→ **WHAT THE TASK ASKS**
For this exercise, copy all the data exactly and include none of the pictures.

→ **SUPPLIED DATA**
= Beginning of Section =

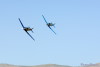RN5_6176t.jpg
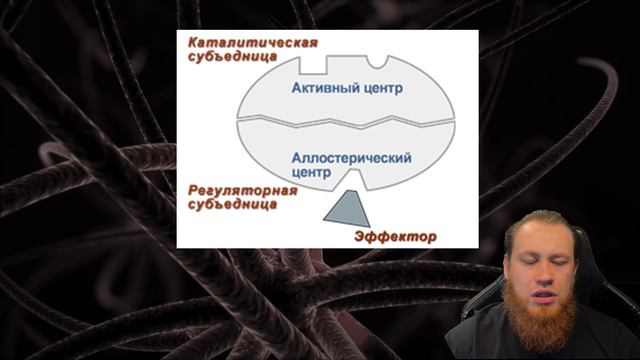 🧬Биохимия человека, лекция №4: биокатализ, ферменты🧬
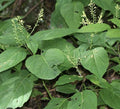 Stone Root Plant Bare Root 10-Pack Canadensis Collinsonia Native Medicinal Wildflower Perennial Herb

= End of Section =

→ **EXERCISE RESULT**
RN5_6176t.jpg
 🧬Биохимия человека, лекция №4: биокатализ, ферменты🧬
 Stone Root Plant Bare Root 10-Pack Canadensis Collinsonia Native Medicinal Wildflower Perennial Herb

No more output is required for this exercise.